It was produced by an English company called Musical Fidelity. Its sound is incredibly transparent and analytically detailed. They stopped making them back in the 90's, but upgraded it with uglier modern black boxes. I still prefer the vintage classic. The amp system for the Musical Fidelity X series is just incredible.


----------



## davinci (Oct 11, 2012)

Music Fidelity is still building excellent HiFi gear.


----------



## jdk (Sep 5, 2012)

My budget was very little, so $200 mark was my budget but this hi fi (I thought) was best in the range, and got $100 off RRP online. That said, I've bought a hi fi and can happily say listening to classical is amazing, amongst my other genres. It's 360 Watts RMS, 12 ohms... honestly still not sure if that's good  but for the price, I'm very happy with the sound I'm getting from it.
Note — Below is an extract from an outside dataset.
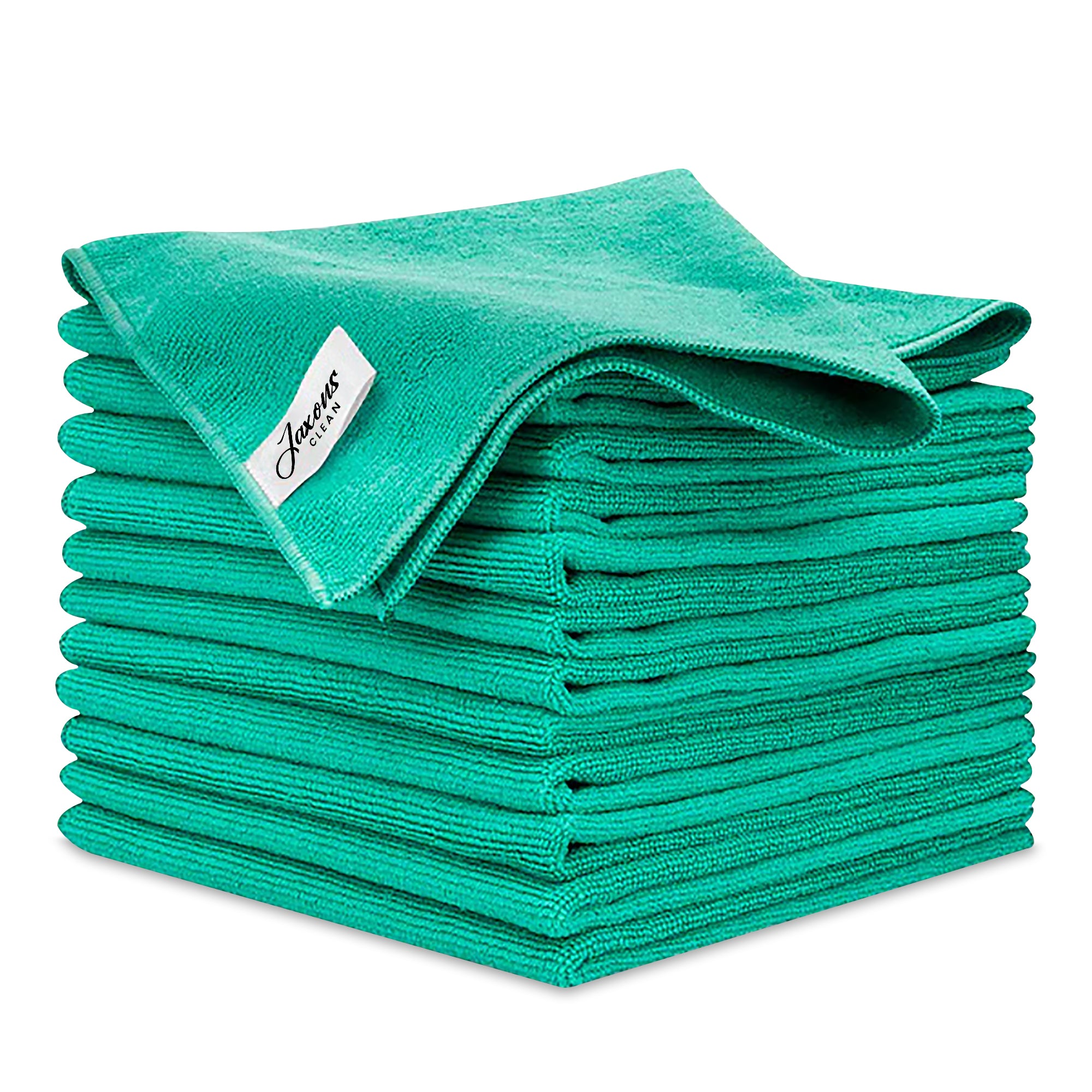 Jaxons Clean Microfiber Cloths (10-Pack) - 40cm x 40cm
Thanks again for all the advice and help  In future reference with a higher budget, I'll confidently know what to look for.

Cheers


----------



## Mesa (Mar 2, 2012)

I find it hilarious that there are people that spend $25+ a meter on cables for their hi-fi equipment. The signal path involved in recording their chosen music has inevitably been through many meters of comparatively cheap wire, outboard and patch bays.


----------



## Vaneyes (May 11, 2010)

Mesa said:


> I find it hilarious that there are people that spend $25+ a meter on cables for their hi-fi equipment. The signal path involved in recording their chosen music has inevitably been through many meters of comparatively cheap wire, outboard and patch bays.


1. Not necessary, but not the cheapest either.

2. Maybe China or Russia.


----------